It is possible during normal operations that the named(8) dæmon on linux01.example.com could abort and the rest of the server would otherwise continue to function as normal (that is, single service failure, not entire server failure). As linux02.example.com will have a backup copy of the zones anyway, linux01.example.com should use linux02.example.com as its secondary DNS server.
On linux01.example.com, create and/or modify /etc/resolv.conf. Populate it with the following:

search example.com
nameserver 127.0.0.1
nameserver 192.168.2.10

On linux01.example.com, check, and if necessary, modify /etc/nsswitch.conf to include the following "hosts" definition. This line already was in place for me, but it strictly does need to be present for you if it isn't:

## /etc/nsswitch.conf on linux01 & linux02

# --- Above output suppressed

hosts: files dns

# --- Below output suppressed

Finally, test that linux01.example.com can resolve records from the DNS server:

root@linux01:~# dig linux02.example.com +short
192.168.2.10
root@linux01:~# dig -x 192.168.2.10 +short
linux02.example.com.
root@linux01:~# nslookup linux02.example.com
Server: 127.0.0.1
Address: 127.0.0.1#53

Name: linux02.example.com
Address: 192.168.2.10

root@linux01:~# nslookup 192.168.2.10
Server: 127.0.0.1
Address: 127.0.0.1#53

10.2.168.192.in-addr.arpa name = linux01.example.com.

root@linux01:~#

Now, configure linux02.example.com as the slave server.
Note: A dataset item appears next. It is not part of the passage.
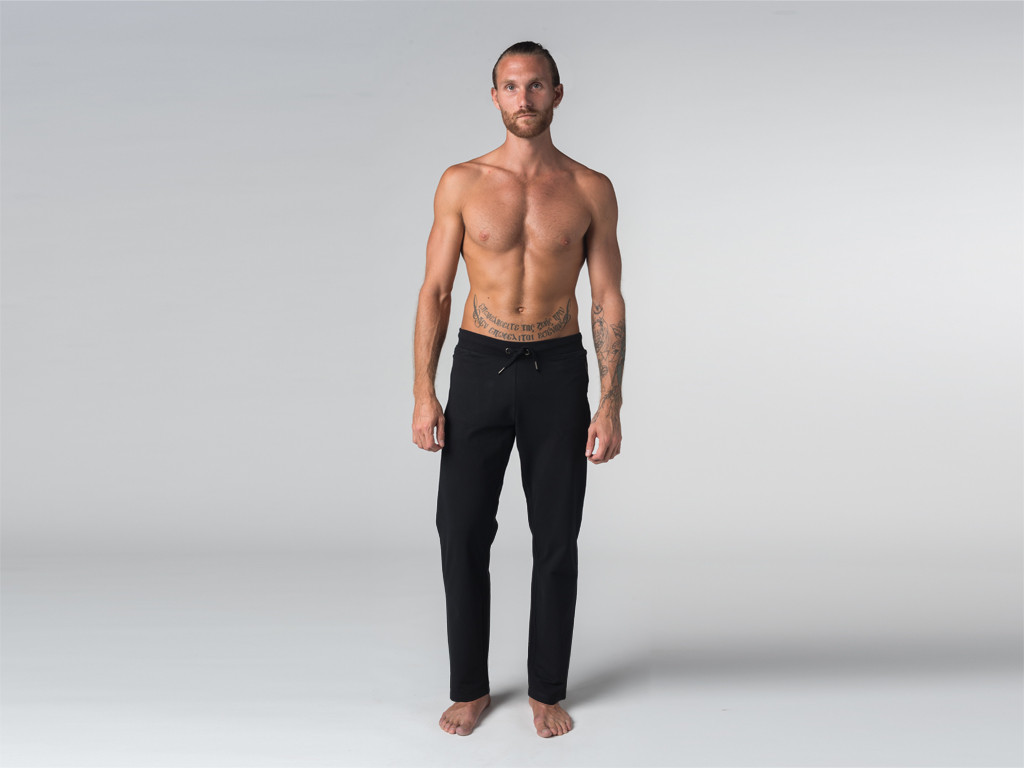 Comfort-Yogahose für Herren – Bio-Baumwolle Schwarz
First, modify /etc/bind/named.conf.local to include the following:

//// excerpt of named.conf.local on linux02

// --- Above output suppressed

zone "168.192.in-addr.arpa" {
type slave;
file "/var/lib/bind/db.168.192.in-addr.arpa";
masters { 192.168.1.10; }; // the linux01 server
};

zone "example.com" {
type slave;
file "/var/lib/bind/db.example.com";
masters { 192.168.1.10; }; // the linux01 server
};

// --- Below output suppressed

Take careful note of the placement of the slave zone files in /var/lib/bind, not in /etc/bind!
This change is for two reasons. First, /etc/bind is locked down with restrictive permissions so named(8) is not able to write any files there. named(8) on linux02.example.com cannot and should not write a transferred zone file there.
Second, the /var partition is intentionally designated for files that will grow over time. /var/lib/bind is the Debian chosen directory for named(8) to store such files.
Please resist the urge to change permissions to "fix" /etc/bind! I cannot stress this enough. It not only compromises the security on your RNDC key file, but also the dpkg package manager is likely to revert any change you made on /etc/bind the next time the bind9 package is upgraded.
If you require a single location for both servers to store their zone files, it would be better to move the local zone files on linux01.example.com to /var/lib/bind, rather than force a change to /etc/bind on linux02.example.com. Don't forget to update the paths for the zone files in linux01.example.com's /etc/bind/named.conf.local accordingly.
On linux02.example.com, run named-checkconf(1) to check the new configuration, as you did before for linux01.example.com. If the new configuration checks out, tell named(8) to reload by running the /etc/init.d/bind9 reload command. Also check that the dæmon didn't abort by running ps -ef|grep named|grep -v grep as was done before.
If the zone transfer from linux01.example.com was successful, you should have something like the following appear in /var/log/syslog on linux02.example.com:

# --- above output suppressed ---

Oct 3 20:37:11 linux02 named[1253]: transfer of '168
.192.in-addr.arpa/IN' from 192.168.1.10#53: connected
using 192.168.2.10#35988
--- output suppressed ---
Oct 3 20:37:11 linux02 named[1253]: transfer of '168
.192.in-addr.arpa/IN' from 192.168.1.10#53: Transfer
completed: 1 messages, 12 records, 373 bytes, 0.001
secs (373000 bytes/sec)
--- output suppressed ---
Oct 3 20:37:12 linux02 named[1253]: transfer of 'exa
mple.com/IN' from 192.168.1.10#53: connected using 1
92.168.2.10#41155
--- output suppressed ---
Oct 3 20:37:12 linux02 named[1253]: transfer of 'exa
mple.com/IN' from 192.168.1.10#53: Transfer complete
d: 1 messages, 12 records, 336 bytes, 0.001 secs (33
6000 bytes/sec)

# --- below output suppressed ---

On linux02.example.com, create and/or modify /etc/resolv.conf. Populate it with the following:

search example.com
nameserver 127.0.0.1
nameserver 192.168.1.10

This is the only device on the network that will ever have linux02.example.com as its primary DNS server. It's done for performance reasons, on the assumption that linux01.example.com will fail first. Of course, you never can predict which server will fail first. However, if linux02.example.com happens to fail first, the workstations, in theory, won't notice it—DHCP tells them to query linux01.example.com before linux02.example.com.
Now, on linux02.example.com, check, and if necessary, modify /etc/nsswitch.conf to include the hosts: files dns in the same way performed previously. Check that dig(1) and nslookup(1) can resolve linux01.example.com in a similar manner as done before.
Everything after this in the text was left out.